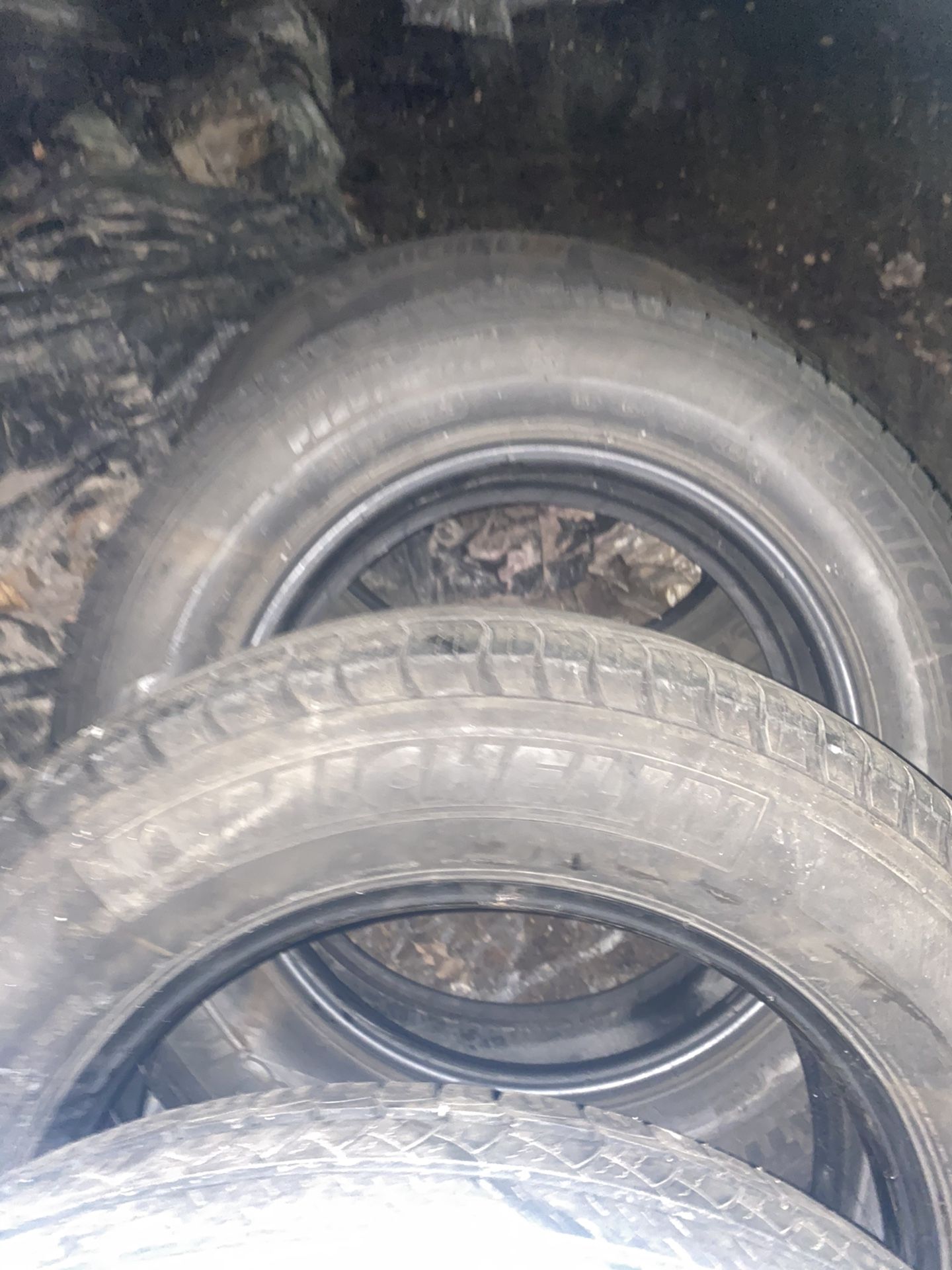 Michellin latitude 225/65/17 like new all matching tires all even no holes or nothing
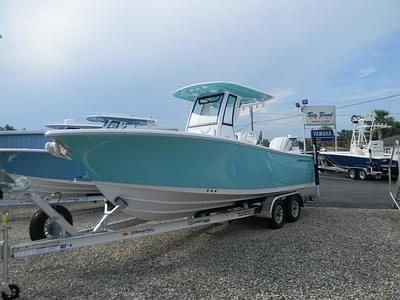 BOATZON | Sportsman Heritage 231 Center Console 2026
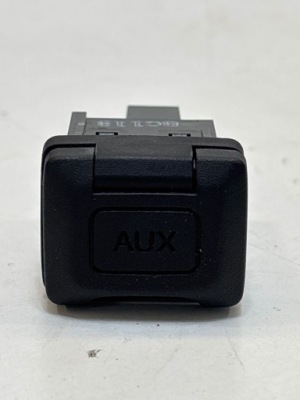 Honda cr-v iii lift 09-12 роз'єм з'єднувач aux r20a2 2,0 b фото №1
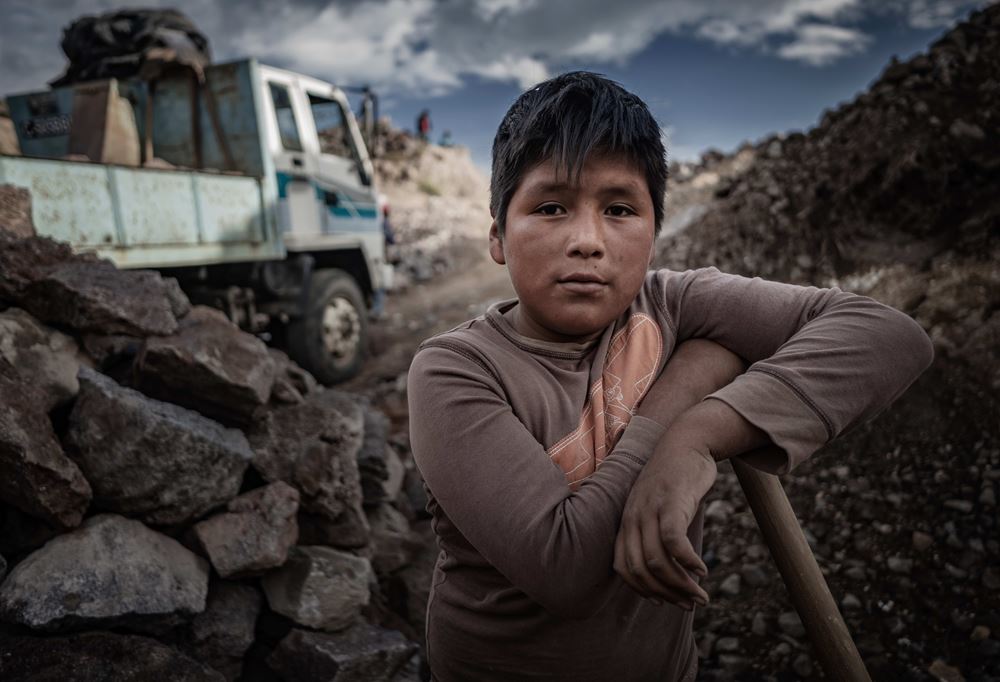 Junge arbeitet im Steinbruch (Quelle: Jakob Studnar) Junge arbeitet im Steinbruch (Quelle: Jakob Studnar)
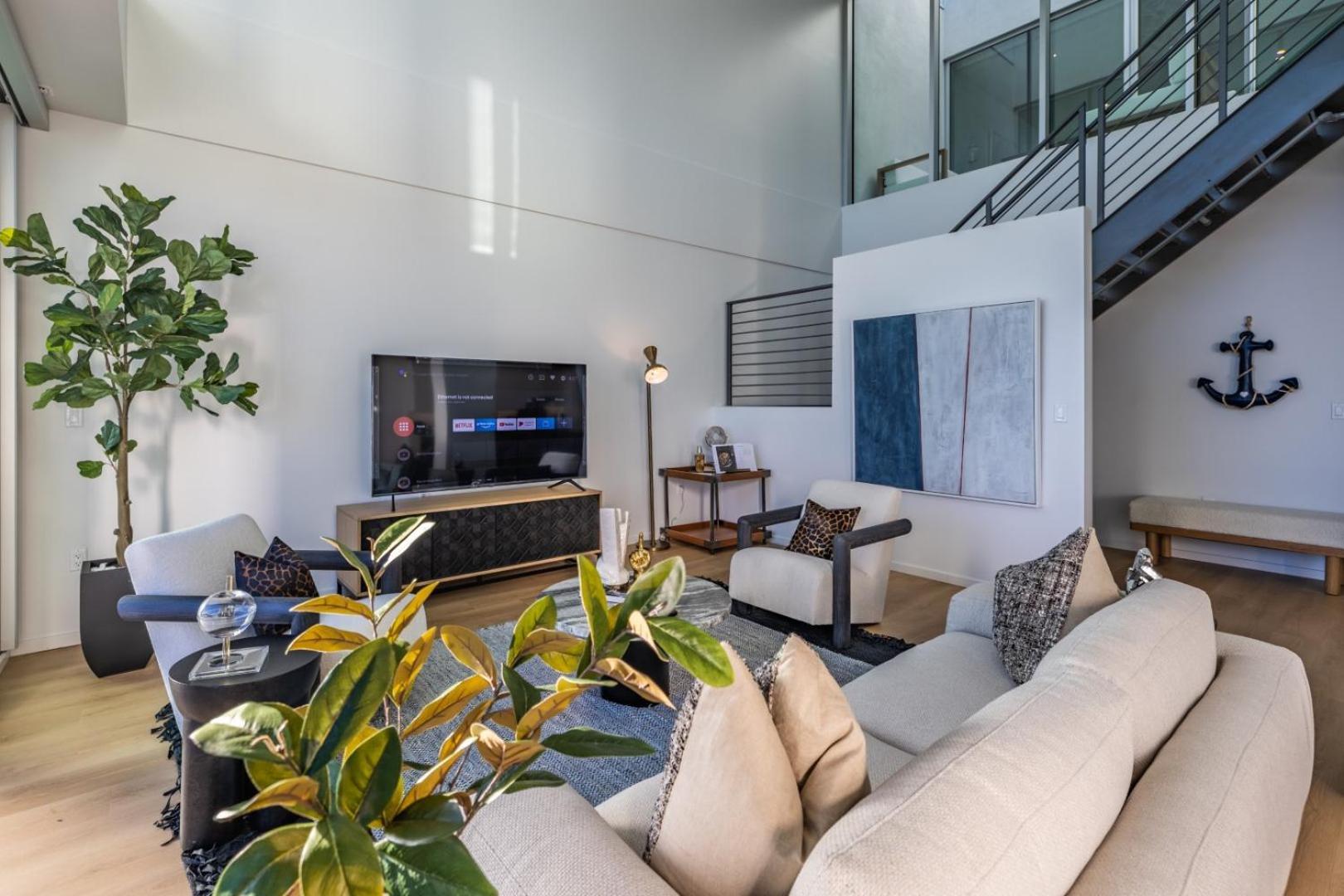 Apartment @ Marbella Lane - Luxurious 3br Penthouse *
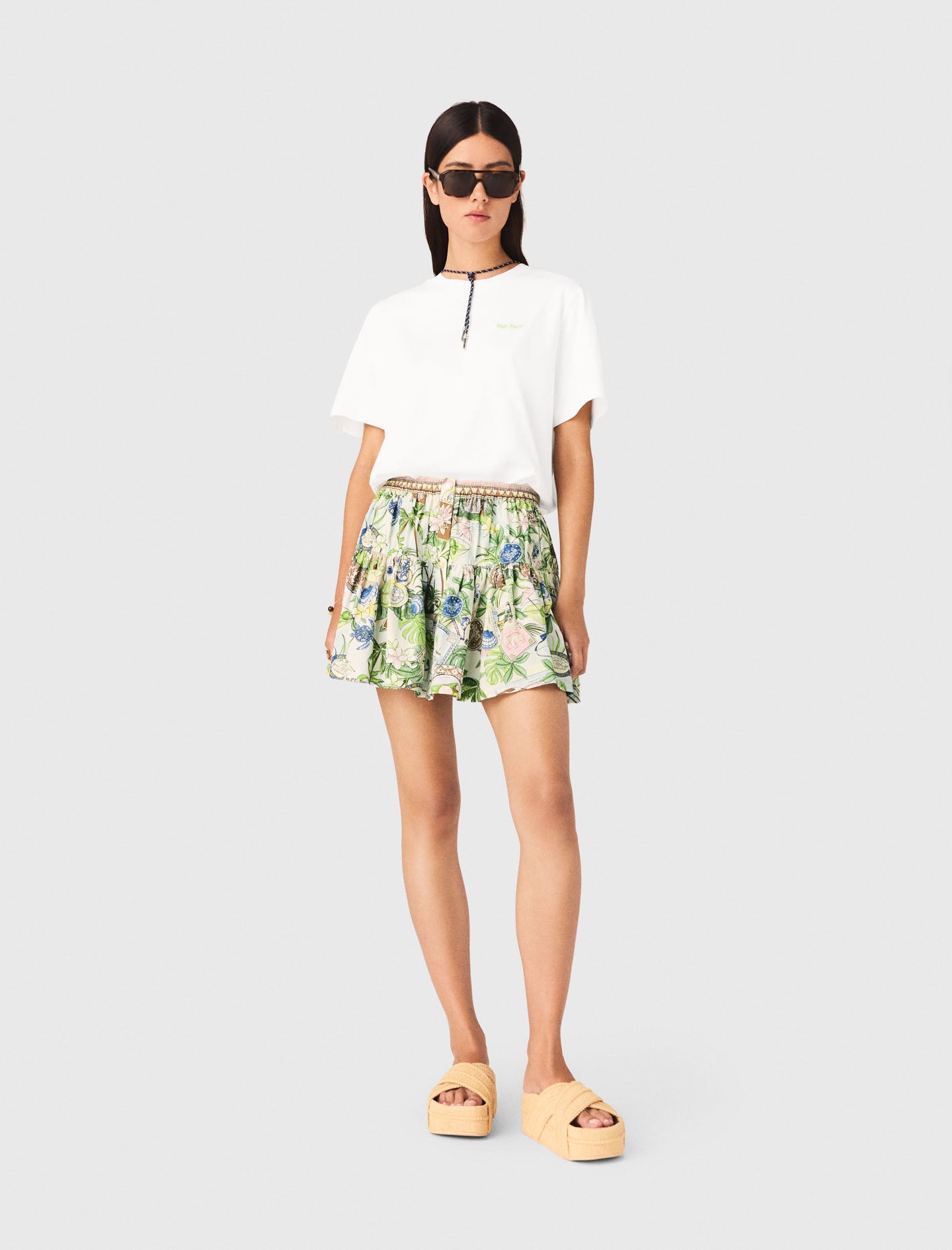 Falda con volantes estampada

== == ==

PROBLEM STATEMENT: Retype the listing above exactly as it appears, omitting the pictures.

EXERCISE OUTPUT:
 Michellin latitude 225/65/17 like new all matching tires all even no holes or nothing
 BOATZON | Sportsman Heritage 231 Center Console 2026
 Honda cr-v iii lift 09-12 роз'єм з'єднувач aux r20a2 2,0 b фото №1
 Junge arbeitet im Steinbruch (Quelle: Jakob Studnar) Junge arbeitet im Steinbruch (Quelle: Jakob Studnar)
 Apartment @ Marbella Lane - Luxurious 3br Penthouse *
 Falda con volantes estampada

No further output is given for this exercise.